This does NOT use PUT COPY internally because PUT COPY is limited to files of 5GB or less, and we'll have many files over 5GB. The copy operation downloads data from the S3 preservation bucket and uploads it to the replication bucket.
As long as we're running in the same region as our S3 preservation bucket (USEast), the download should be fast and free. Running this code outside of USEast will be slow and expensive, since we'll have to pay for the bandwidth of BOTH download and upload.
func (*Replicator) DownloadFromPreservation ¶
func (replicator *Replicator) DownloadFromPreservation(file *bagman.File) (string, error)
Copies a file from the preservation bucket to a local file and returns the path to the local file.

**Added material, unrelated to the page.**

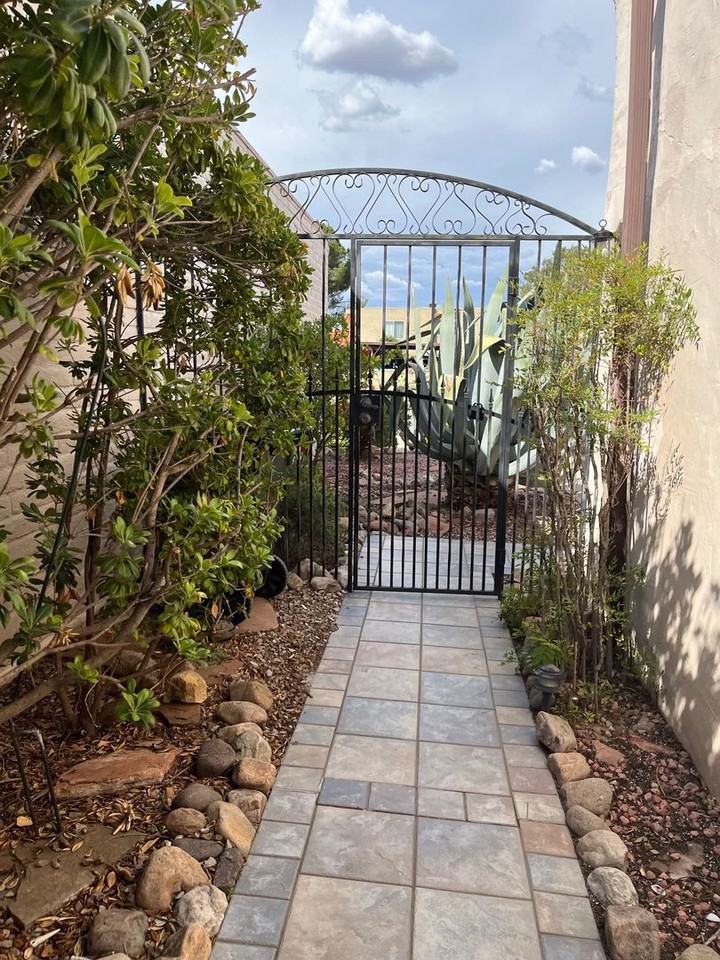 4304 Avenida Palermo - Photo 2 of 10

func (*Replicator) GetCopyOptions ¶
Returns S3 options, including the md5 checksum and APTrust's custom metadata. These options must accompany the file copy.
func (*Replicator) HandleMessage ¶
func (replicator *Replicator) HandleMessage(message *nsq.Message) error
MessageHandler handles messages from the queue, putting each item into the replication channel.
func (*Replicator) ReplicatedFileExists ¶
func (replicator *Replicator) ReplicatedFileExists(fileUUID string) bool
func (*Replicator) SaveReplicationEvent ¶
func (replicator *Replicator) SaveReplicationEvent(file *bagman.File, url string) (*bagman.PremisEvent, error)
Saves the replication PremisEvent to Fluctus. Param url is the S3 URL we just saved that file to. That should be in Oregon.
func (*Replicator) SendToTroubleQueue ¶
func (replicator *Replicator) SendToTroubleQueue(file *bagman.File)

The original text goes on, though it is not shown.